* Exercise aim:
Please retype the material beneath this task exactly, starting with its first line and finishing with the line containing "Hoodie/jaket/sweater 234 SC".

* Data records:
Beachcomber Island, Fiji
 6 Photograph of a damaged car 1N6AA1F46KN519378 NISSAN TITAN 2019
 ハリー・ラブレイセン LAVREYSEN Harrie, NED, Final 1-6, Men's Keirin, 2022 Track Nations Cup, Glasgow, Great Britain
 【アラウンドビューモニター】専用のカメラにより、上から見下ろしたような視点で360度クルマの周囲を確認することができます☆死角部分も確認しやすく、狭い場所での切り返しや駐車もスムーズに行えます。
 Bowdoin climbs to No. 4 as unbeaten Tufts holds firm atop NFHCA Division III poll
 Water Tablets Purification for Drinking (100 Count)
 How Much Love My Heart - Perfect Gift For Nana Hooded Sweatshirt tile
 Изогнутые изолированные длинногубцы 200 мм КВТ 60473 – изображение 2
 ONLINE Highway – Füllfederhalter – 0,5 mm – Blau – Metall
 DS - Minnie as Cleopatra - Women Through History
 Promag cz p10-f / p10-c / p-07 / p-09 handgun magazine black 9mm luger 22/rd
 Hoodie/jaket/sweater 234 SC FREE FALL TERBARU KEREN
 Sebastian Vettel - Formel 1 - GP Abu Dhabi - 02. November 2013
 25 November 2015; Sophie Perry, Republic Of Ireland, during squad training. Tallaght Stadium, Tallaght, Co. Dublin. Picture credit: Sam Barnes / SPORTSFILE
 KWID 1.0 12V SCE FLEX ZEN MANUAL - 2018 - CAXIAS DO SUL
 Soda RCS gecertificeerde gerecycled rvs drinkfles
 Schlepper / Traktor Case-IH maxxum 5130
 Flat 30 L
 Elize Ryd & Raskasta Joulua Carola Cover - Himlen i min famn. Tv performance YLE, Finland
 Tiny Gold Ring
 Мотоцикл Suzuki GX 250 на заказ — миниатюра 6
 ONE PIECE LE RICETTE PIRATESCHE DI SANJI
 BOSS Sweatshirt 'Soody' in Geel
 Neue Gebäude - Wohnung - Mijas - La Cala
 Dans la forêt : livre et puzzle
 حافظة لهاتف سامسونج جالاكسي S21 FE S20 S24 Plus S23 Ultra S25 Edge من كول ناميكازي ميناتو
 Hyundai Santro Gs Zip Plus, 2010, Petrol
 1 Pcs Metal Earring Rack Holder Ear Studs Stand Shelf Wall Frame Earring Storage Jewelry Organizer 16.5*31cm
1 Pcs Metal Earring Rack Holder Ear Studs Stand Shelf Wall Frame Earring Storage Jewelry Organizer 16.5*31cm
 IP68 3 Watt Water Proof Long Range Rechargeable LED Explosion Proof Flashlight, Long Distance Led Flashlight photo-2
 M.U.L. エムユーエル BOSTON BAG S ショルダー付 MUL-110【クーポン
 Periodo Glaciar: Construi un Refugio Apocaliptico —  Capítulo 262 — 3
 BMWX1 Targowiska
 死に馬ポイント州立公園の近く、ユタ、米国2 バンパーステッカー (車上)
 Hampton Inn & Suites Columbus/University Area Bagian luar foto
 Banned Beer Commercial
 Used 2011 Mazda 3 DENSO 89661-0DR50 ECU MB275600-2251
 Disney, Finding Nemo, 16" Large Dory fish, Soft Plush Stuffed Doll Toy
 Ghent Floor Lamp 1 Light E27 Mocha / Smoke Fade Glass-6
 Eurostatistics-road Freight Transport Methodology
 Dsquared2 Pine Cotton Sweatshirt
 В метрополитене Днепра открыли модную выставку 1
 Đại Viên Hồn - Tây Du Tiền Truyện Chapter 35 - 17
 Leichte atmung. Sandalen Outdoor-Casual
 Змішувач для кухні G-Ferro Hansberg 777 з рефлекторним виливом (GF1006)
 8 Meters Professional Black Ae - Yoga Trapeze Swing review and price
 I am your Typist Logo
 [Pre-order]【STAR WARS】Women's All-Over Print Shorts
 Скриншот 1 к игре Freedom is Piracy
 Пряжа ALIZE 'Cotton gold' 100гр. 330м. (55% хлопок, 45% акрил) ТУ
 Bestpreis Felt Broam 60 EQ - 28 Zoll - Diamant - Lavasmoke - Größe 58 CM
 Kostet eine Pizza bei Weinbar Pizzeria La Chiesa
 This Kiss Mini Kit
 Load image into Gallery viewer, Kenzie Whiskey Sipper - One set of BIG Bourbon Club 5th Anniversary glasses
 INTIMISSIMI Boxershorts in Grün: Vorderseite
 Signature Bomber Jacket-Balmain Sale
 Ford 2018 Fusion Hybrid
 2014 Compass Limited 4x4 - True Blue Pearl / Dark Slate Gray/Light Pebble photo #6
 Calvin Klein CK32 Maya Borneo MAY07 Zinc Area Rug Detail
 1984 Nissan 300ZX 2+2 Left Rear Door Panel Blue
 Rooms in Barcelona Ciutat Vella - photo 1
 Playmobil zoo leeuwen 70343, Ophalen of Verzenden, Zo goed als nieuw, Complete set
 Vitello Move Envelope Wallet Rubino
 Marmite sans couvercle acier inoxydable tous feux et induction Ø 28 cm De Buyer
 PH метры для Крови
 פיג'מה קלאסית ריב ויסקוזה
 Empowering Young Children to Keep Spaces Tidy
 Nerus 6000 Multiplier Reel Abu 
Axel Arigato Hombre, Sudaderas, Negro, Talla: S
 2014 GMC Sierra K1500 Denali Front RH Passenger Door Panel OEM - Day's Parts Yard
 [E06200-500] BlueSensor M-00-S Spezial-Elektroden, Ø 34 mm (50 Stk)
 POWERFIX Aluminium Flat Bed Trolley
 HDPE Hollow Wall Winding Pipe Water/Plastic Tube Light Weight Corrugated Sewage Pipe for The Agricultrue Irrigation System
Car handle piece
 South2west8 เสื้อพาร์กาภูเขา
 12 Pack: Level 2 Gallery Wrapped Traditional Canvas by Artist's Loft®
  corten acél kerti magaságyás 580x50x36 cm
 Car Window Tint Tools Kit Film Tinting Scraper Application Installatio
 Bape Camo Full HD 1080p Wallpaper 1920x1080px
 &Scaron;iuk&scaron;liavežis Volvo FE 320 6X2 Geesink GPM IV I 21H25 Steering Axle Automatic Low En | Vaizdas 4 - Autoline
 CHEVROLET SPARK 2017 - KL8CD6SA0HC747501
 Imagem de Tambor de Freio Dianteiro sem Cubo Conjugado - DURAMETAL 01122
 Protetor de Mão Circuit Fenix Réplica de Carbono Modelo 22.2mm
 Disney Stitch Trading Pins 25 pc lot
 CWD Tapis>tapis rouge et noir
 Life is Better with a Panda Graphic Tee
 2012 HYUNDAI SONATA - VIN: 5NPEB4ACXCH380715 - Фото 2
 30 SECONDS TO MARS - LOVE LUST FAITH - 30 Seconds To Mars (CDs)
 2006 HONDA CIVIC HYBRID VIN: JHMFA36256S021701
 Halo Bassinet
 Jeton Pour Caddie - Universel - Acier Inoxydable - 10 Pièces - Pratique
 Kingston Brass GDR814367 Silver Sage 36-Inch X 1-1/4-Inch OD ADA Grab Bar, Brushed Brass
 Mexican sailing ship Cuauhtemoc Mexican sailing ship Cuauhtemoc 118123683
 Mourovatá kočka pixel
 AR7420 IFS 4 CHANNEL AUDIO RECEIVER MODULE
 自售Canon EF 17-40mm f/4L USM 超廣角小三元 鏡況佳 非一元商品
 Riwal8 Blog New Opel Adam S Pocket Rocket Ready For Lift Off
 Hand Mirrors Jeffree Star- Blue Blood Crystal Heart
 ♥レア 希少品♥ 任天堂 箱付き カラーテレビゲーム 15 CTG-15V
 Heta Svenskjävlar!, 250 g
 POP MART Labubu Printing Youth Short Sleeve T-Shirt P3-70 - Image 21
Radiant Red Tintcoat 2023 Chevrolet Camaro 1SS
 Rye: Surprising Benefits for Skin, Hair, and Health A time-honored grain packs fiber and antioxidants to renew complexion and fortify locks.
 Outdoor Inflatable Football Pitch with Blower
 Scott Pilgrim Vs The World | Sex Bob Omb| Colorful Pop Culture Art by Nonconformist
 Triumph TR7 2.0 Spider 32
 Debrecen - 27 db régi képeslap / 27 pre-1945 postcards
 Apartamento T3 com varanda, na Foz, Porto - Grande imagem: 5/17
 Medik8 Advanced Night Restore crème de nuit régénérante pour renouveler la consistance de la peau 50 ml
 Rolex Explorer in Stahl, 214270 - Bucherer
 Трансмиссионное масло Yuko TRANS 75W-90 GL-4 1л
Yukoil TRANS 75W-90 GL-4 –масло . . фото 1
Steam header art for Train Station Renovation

* Solution for this exercise:
Beachcomber Island, Fiji
 6 Photograph of a damaged car 1N6AA1F46KN519378 NISSAN TITAN 2019
 ハリー・ラブレイセン LAVREYSEN Harrie, NED, Final 1-6, Men's Keirin, 2022 Track Nations Cup, Glasgow, Great Britain
 【アラウンドビューモニター】専用のカメラにより、上から見下ろしたような視点で360度クルマの周囲を確認することができます☆死角部分も確認しやすく、狭い場所での切り返しや駐車もスムーズに行えます。
 Bowdoin climbs to No. 4 as unbeaten Tufts holds firm atop NFHCA Division III poll
 Water Tablets Purification for Drinking (100 Count)
 How Much Love My Heart - Perfect Gift For Nana Hooded Sweatshirt tile
 Изогнутые изолированные длинногубцы 200 мм КВТ 60473 – изображение 2
 ONLINE Highway – Füllfederhalter – 0,5 mm – Blau – Metall
 DS - Minnie as Cleopatra - Women Through History
 Promag cz p10-f / p10-c / p-07 / p-09 handgun magazine black 9mm luger 22/rd
 Hoodie/jaket/sweater 234 SC FREE FALL TERBARU KEREN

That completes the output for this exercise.